Limitations & Future Work¶

White-box assumption: Full access to model parameters is required, limiting applicability in strict black-box scenarios (though open-source models and distributed inference settings satisfy this assumption).
Difficulty with semantically ambiguous prompts: Inversion accuracy degrades when prompts are highly abstract or when multiple prompts map to identical outputs (e.g., both "3-1" and "1+1" produce "2").
Preliminary defense exploration: Layer-wise noise injection is more effective than sampling diversification but degrades forward performance (~8% BLEU drop); viable defenses remain limited.
Instability on long prompts: Output2prompt occasionally surpasses Inv²A when prompt length is approximately 120 tokens.
Potential extensions: Future work may consider extending the ILSH framework to multimodal model inversion and robust inversion combined with differential privacy.
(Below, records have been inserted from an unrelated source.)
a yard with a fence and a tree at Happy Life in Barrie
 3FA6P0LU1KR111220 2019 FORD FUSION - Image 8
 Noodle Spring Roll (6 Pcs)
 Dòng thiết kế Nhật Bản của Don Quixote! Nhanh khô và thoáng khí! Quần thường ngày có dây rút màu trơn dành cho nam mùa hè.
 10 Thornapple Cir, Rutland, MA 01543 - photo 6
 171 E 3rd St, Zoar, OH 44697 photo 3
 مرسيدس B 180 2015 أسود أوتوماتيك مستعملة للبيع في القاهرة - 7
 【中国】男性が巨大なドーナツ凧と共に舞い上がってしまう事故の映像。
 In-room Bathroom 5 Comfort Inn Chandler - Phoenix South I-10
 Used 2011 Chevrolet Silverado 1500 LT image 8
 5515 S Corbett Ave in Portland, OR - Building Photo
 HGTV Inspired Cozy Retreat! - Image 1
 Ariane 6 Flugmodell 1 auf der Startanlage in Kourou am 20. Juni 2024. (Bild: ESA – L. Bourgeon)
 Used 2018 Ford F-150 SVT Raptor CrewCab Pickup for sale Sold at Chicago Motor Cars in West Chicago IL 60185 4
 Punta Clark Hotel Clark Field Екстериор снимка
Method	Mechanism	Key Difference from Inv²A
Output2prompt	Trains a full T5 as an external inverse model	Inv²A reuses the LLM itself as the decoder, improving data efficiency by 5× and halving parameter count
Logit2text	Inverts from next-token probability distributions	Requires logit access; performance is far below text-based methods
Jailbreak strings	Designs adversarial queries to induce prompt leakage	Relies on special assumptions about prompt placement in the input window; poor generalization
DORY	Uncertainty-based denoising	Performs poorly on long, complex prompts; Inv²A achieves more systematic denoising via the encoder

The core advantage of Inv²A lies in activating the LLM's existing inverse mapping capability rather than learning the inverse mapping from scratch, yielding significantly better data efficiency and generalization.

Rating¶

Novelty: ⭐⭐⭐⭐ — The ILSH is novel and experimentally validated, though the encoder–decoder architecture itself is not a breakthrough.
Experimental Thoroughness: ⭐⭐⭐⭐⭐ — 9 datasets, multi-model transfer, ablations, robustness analysis, defense analysis, and interpretability analysis; highly comprehensive.
Writing Quality: ⭐⭐⭐⭐ — Logic is clear; the narrative from hypothesis → validation → method → experiments flows smoothly.
Value: ⭐⭐⭐⭐ — Makes a substantive contribution to LLM privacy security, particularly the finding of insufficient defenses.